Verordnung Nr. 1392/2001

6

Der sechste Erwägungsgrund der Verordnung Nr. 1392/2001 lautet:

„Gemäß Artikel 2 Absatz 4 der Verordnung (EWG) Nr. 3950/92 obliegt es der Kommission, die Kriterien festzulegen, nach denen die Abgabe vorrangigen Erzeugergruppen zurückerstattet werden kann, wenn der Mitgliedstaat es nicht für angebracht gehalten hat, die ungenutzten Referenzmengen in seinem Hoheitsgebiet sämtlich neu zuzuweisen.
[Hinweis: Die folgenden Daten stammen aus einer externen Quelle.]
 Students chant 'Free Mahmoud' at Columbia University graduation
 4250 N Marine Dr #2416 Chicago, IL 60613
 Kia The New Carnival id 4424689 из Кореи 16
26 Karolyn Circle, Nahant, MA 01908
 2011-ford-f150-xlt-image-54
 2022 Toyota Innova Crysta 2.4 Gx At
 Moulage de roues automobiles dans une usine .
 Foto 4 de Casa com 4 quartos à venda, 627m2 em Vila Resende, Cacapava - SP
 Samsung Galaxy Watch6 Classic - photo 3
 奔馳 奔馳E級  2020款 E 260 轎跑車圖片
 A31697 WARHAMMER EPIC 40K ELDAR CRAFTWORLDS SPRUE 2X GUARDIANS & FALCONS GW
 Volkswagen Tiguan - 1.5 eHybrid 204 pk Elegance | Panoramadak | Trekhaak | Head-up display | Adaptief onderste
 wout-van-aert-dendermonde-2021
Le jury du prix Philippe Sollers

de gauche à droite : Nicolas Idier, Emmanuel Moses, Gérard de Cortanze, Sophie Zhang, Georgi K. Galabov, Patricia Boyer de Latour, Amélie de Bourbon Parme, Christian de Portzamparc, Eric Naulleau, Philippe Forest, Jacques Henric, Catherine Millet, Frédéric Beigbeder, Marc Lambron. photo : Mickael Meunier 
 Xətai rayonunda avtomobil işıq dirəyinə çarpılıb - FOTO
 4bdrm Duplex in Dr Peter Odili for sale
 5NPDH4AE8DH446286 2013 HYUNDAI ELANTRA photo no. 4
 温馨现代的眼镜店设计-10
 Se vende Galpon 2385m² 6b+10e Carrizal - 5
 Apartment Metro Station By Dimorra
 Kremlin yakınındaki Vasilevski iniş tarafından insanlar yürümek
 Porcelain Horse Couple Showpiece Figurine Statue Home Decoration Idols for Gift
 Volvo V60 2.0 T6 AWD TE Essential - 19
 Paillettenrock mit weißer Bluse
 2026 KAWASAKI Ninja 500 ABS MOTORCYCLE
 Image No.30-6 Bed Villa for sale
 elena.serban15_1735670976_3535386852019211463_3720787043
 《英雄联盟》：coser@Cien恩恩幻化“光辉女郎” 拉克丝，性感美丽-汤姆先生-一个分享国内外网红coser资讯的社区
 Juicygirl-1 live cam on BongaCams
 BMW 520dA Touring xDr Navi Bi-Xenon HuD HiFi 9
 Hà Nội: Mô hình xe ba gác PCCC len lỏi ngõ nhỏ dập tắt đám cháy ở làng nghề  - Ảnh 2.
Nur wenn diese Kriterien in einem Mitgliedstaat nicht vollständig angewendet werden, kann dieser nach Rücksprache mit der Kommission ermächtigt werden, andere Kriterien zugrunde zu legen.“

7

In Art. 9 der Verordnung Nr. 1392/2001 heißt es:

„(1)   Gegebenenfalls bestimmen die Mitgliedstaaten die vorrangigen Erzeugergruppen im Sinne von Artikel 2 Absatz 4 der Verordnung (EWG) Nr. 3950/92, indem sie eines oder mehrere der nachstehenden objektiven Kriterien in folgender Reihenfolge heranziehen:

a)

die amtliche Feststellung der zuständigen Behörde des Mitgliedstaats, dass die Abgabe ganz oder teilweise zu Unrecht erhoben wurde;

b)

die geografische Lage des Betriebs und insbesondere die Berggebiete …

c)

die maximale Besatzdichte der Tiere je Betrieb, die für eine Extensivierung der tierischen Erzeugung kennzeichnend ist;

d)

die Höhe der Überschreitung der einzelbetrieblichen Referenzmenge;

e)

die Höhe der dem Erzeuger zur Verfügung stehenden Referenzmenge.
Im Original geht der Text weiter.